## [Instructions to follow]
Look below for the line with "Woman on a sailboat" and the line with "a bathroom with". Copy exactly those two lines and every line between, but not the pictures.

## [Extracted entries]
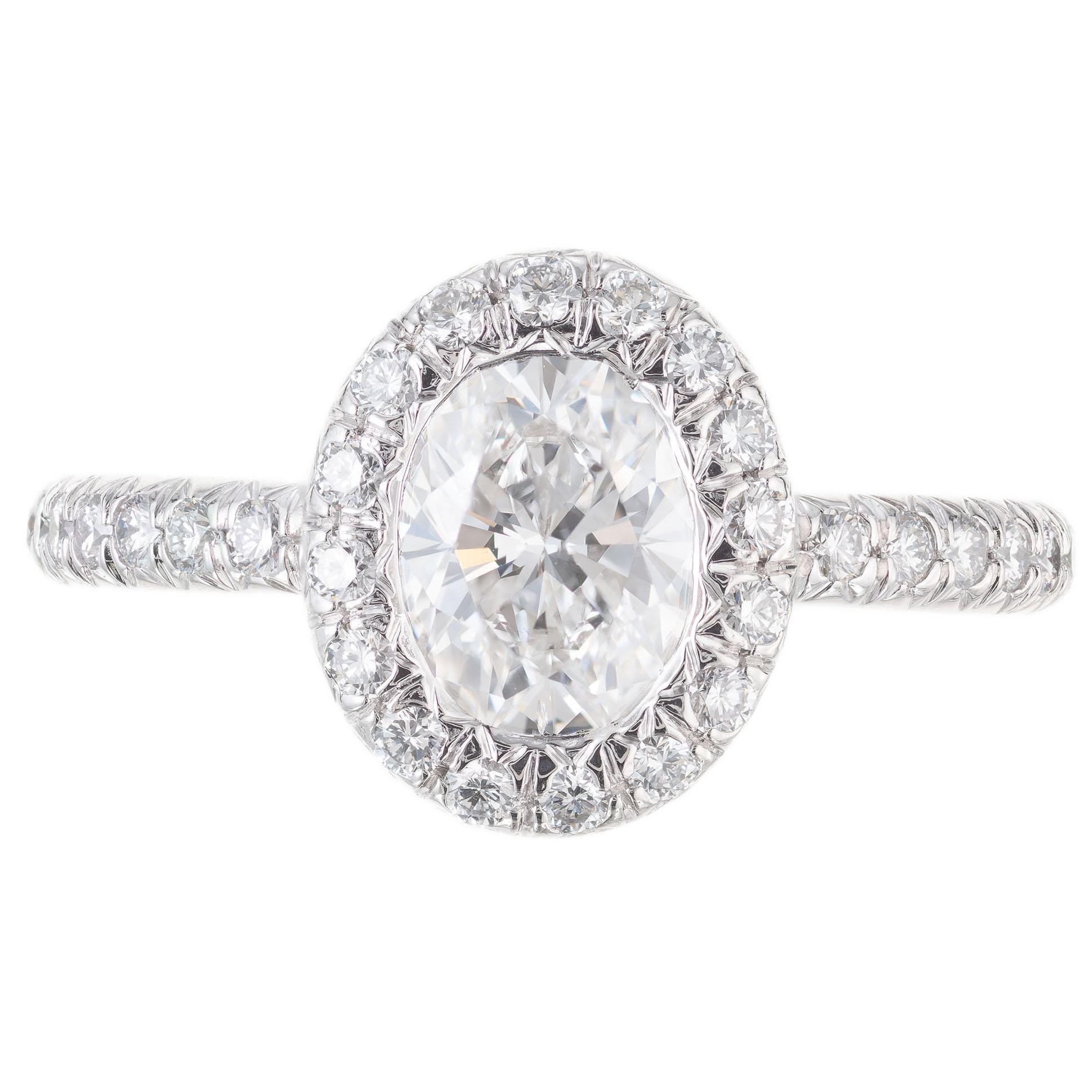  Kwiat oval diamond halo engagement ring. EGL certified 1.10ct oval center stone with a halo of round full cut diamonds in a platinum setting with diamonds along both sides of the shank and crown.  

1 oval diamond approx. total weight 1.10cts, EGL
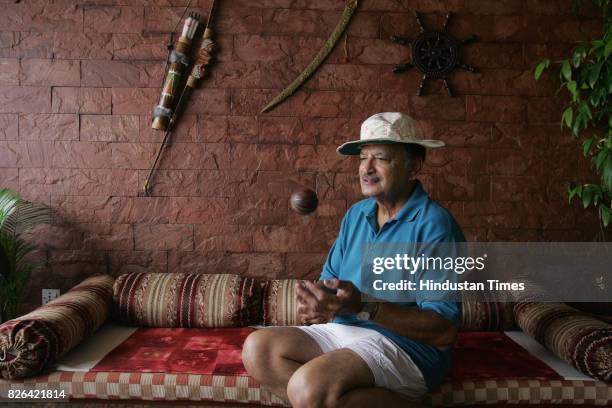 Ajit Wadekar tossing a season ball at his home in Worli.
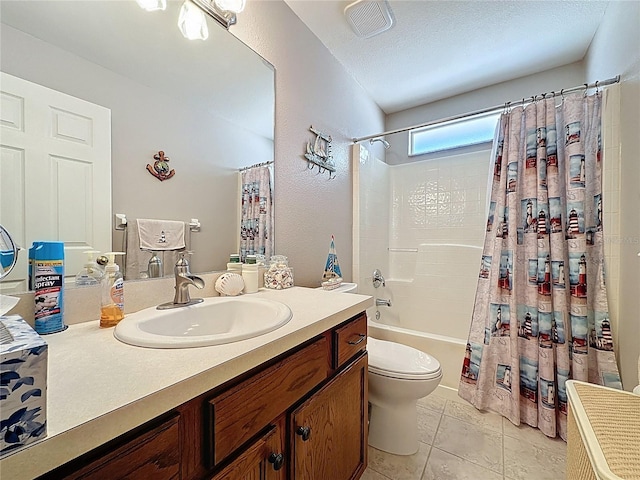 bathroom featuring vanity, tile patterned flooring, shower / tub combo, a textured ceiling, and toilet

==

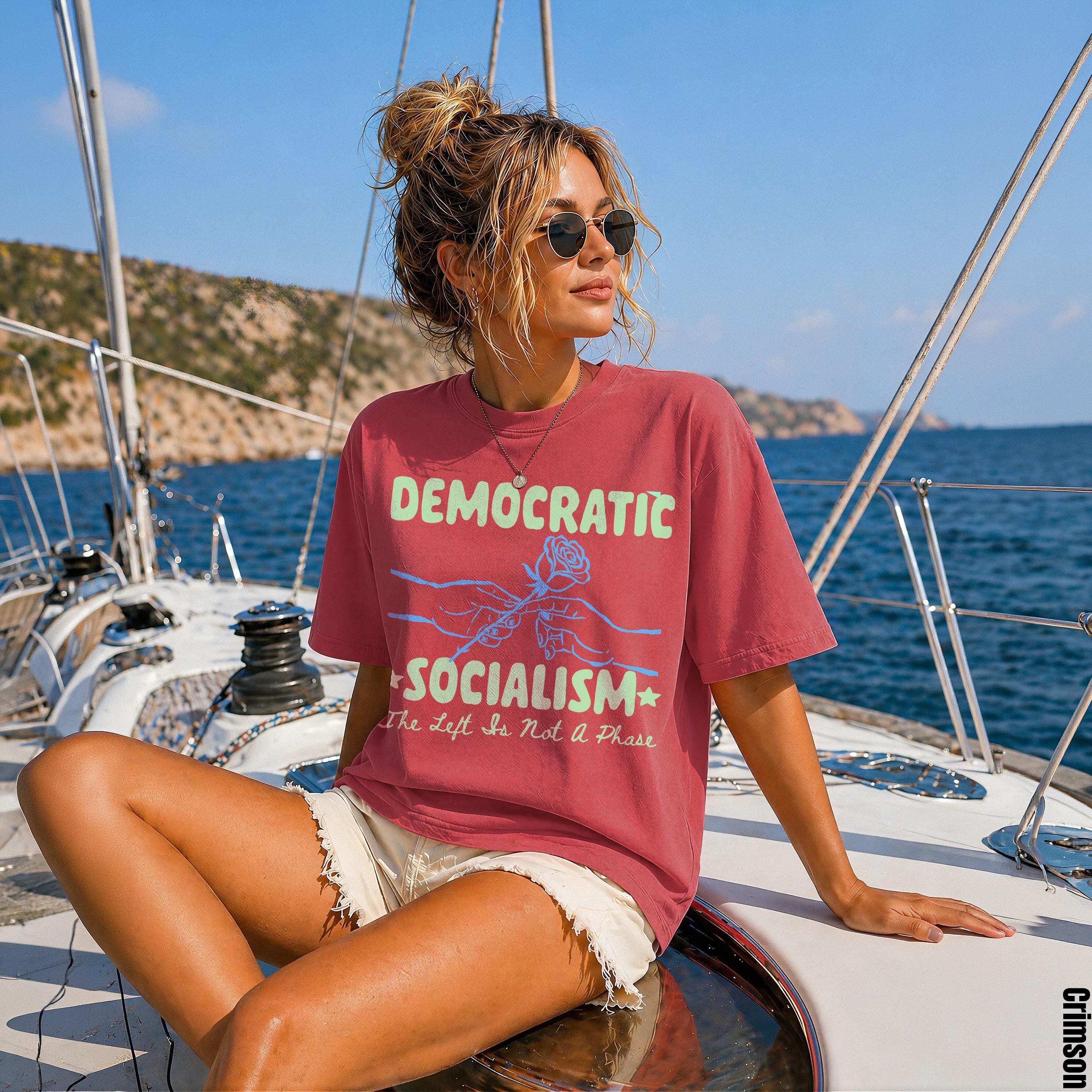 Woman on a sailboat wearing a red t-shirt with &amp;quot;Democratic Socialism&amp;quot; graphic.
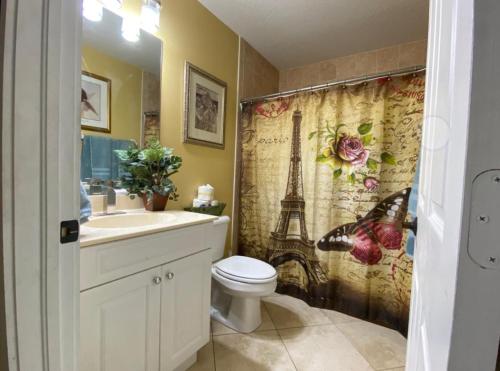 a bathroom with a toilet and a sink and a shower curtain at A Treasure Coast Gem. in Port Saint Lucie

* * *

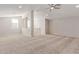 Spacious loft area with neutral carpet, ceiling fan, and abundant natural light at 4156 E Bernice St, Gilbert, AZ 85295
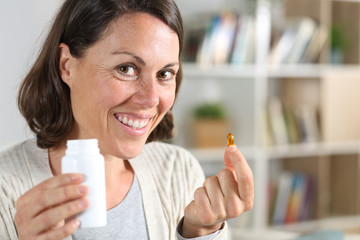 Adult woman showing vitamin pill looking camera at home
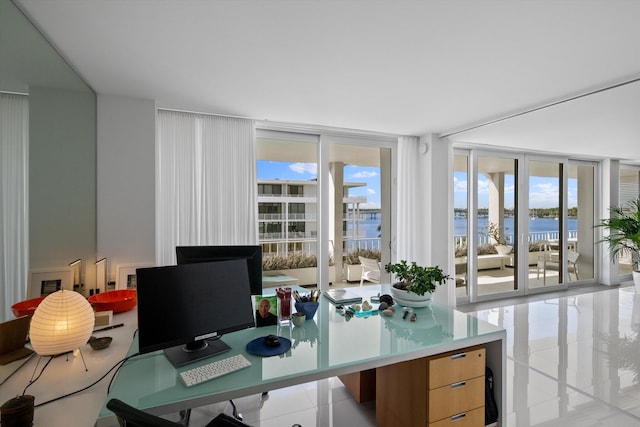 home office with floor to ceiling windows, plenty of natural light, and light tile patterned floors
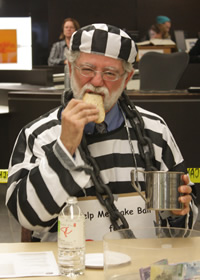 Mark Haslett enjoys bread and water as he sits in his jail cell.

## [Answer box]
 Woman on a sailboat wearing a red t-shirt with &amp;quot;Democratic Socialism&amp;quot; graphic.
 a bathroom with a toilet and a sink and a shower curtain at A Treasure Coast Gem. in Port Saint Lucie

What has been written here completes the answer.